Besides such unpredictability, U.S. policies toward many substate conflicts will understandably be diffident because, even if the behavior of the contenders once in power could be foreseen, U.S. interests do not all run in the same direction. What outcome of a domestic conflict the United States should want is not always evident. The upheavals in the Middle East known collectively as the Arab Spring have presented such situations. If U.S. policy toward Egypt, for example, has appeared vacillating, that is partly because different possible outcomes of the struggle for power in Egypt would serve in contradictory ways the different U.S. interests involved, including privileged access to the Suez Canal and the expansion of democracy as a way of discouraging radicalization. The civil war in Syria has also presented no clear answer to the question of what outcome would be most consistent with, or least damaging to, U.S. interests, given that there is much to dislike on both sides of that struggle.

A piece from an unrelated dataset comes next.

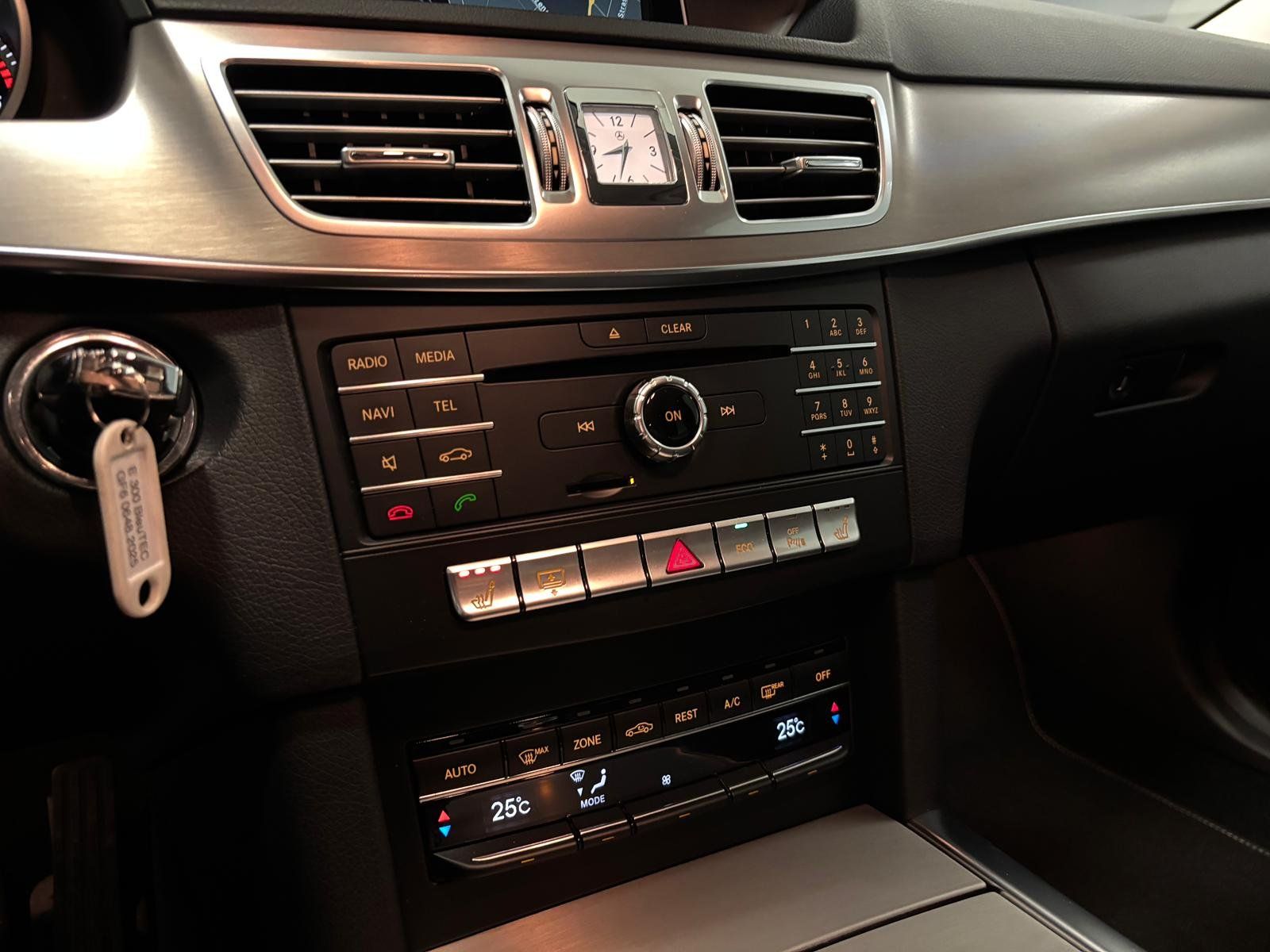 Fahrzeugabbildung Mercedes-Benz E 300 CDI COMAND+DISTR.+MEMORY+KAMERA+LED+TOTW.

Running a government, as well as a country, is starkly different from running a resistance movement. Incumbency involves demands and equities that strongly shape the motivations of leaders and constrain what they can do, at least without sustaining major costs and losses. That difference is the biggest reason for disconnects between the ideologies and behavior observed in a resistance movement and the policies followed once the same movement is in power. Happily, the disconnects are mostly in the direction of greater moderation when in power. The fundamental reason is that a regime has more to lose than an opposition group does. It has national interests, including strategic and economic ones, to protect, and it has to behave as a normal and responsible member of the international system to do a good job of protecting them. It also has national assets, with a fixed address, that are more vulnerable to reprisal should it misbehave.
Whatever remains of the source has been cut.